李王朝を支える貴族と一般の平民とは生まれながらにして違う。決して平民は貴族には成れないし、恋することもご法度である。馬医の青年は、本当は貴族の生まれであるようだ。ところが卑しい身分を隠して医者となり、今では医者の世界のトップの地位にある男が何かと悪い企てをして落とし込めようとする。ドラマの中でも「お前が平民に戻らない限り、お前への嫌がらせは続くだろう」というセリフがある。身分社会の不合理を考えさせるドラマだ。
『トンイ』の方も同じで、平民の中の武装組織の頭を父に持つ女の子が、父の死と武装集団の壊滅後、出生を隠して宮廷の女官として務める。頭の良さでどんどん出世し、またその美しさと明るさから王様の寵愛を受けるようになり、王様の子どもまで産む。『馬医』が政治の旧勢力と新勢力との争いなら、『トンイ』の方は南人と西人と権力闘争である。不思議なのはどちらも王は革新的であることだ。韓国の人々にとって李王朝は故郷のようなものなのかもしれない。

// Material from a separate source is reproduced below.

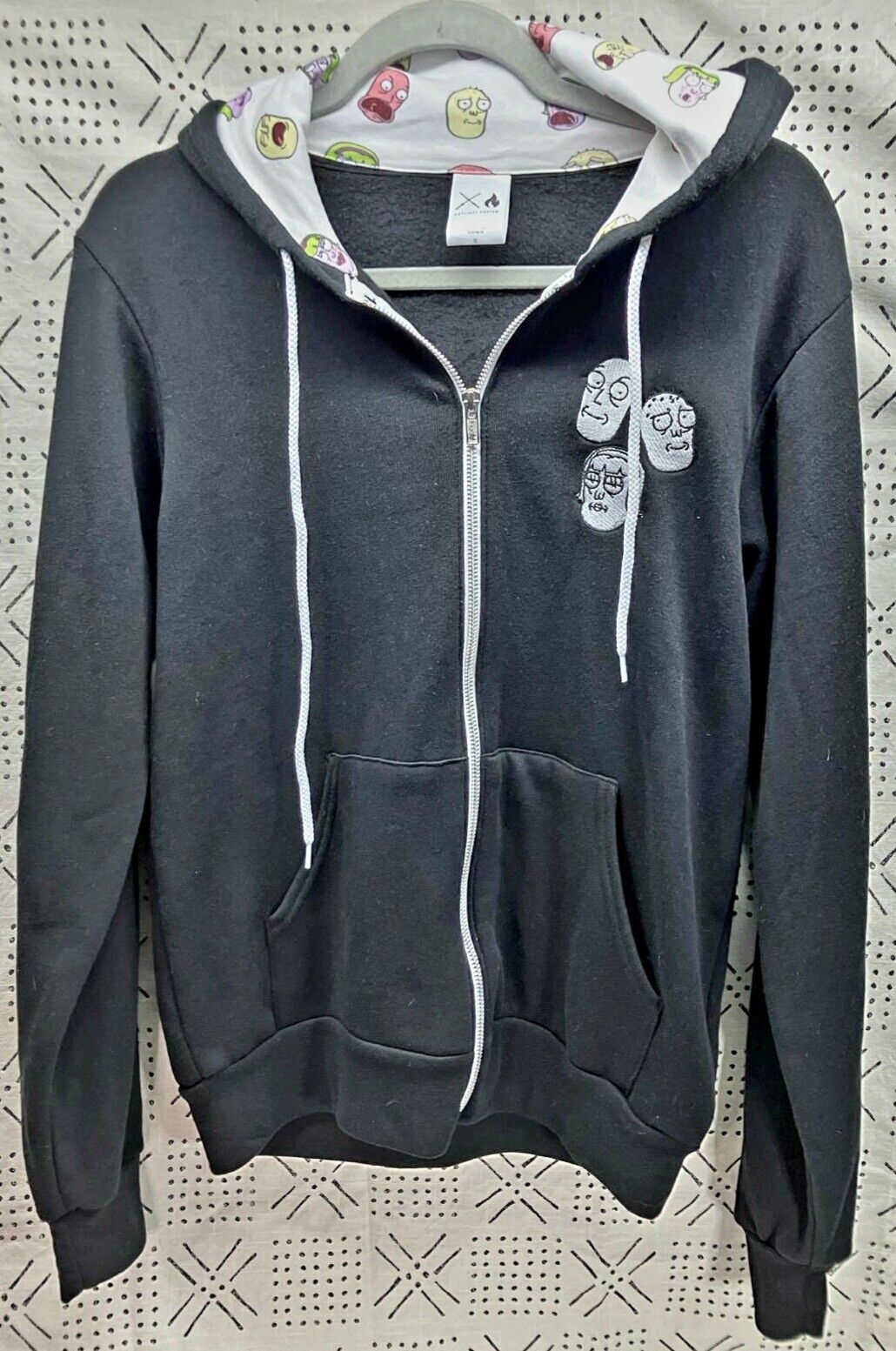 Rick & Morty Hat & Zip-Up Hoodie "It's Time To Get Schwifty" BioWorld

ドラマは既に終っているのか知れないが、我が家ではまだ延々と続いており、見ている限りではどちらが善でどちらが悪とは言い切れない。運命、あるいは愛、そして権力といったものがテーマなのだろう。早く結論が見たいと思うのは、まだ私がドラマの本当の面白さが分かっていないからだろう。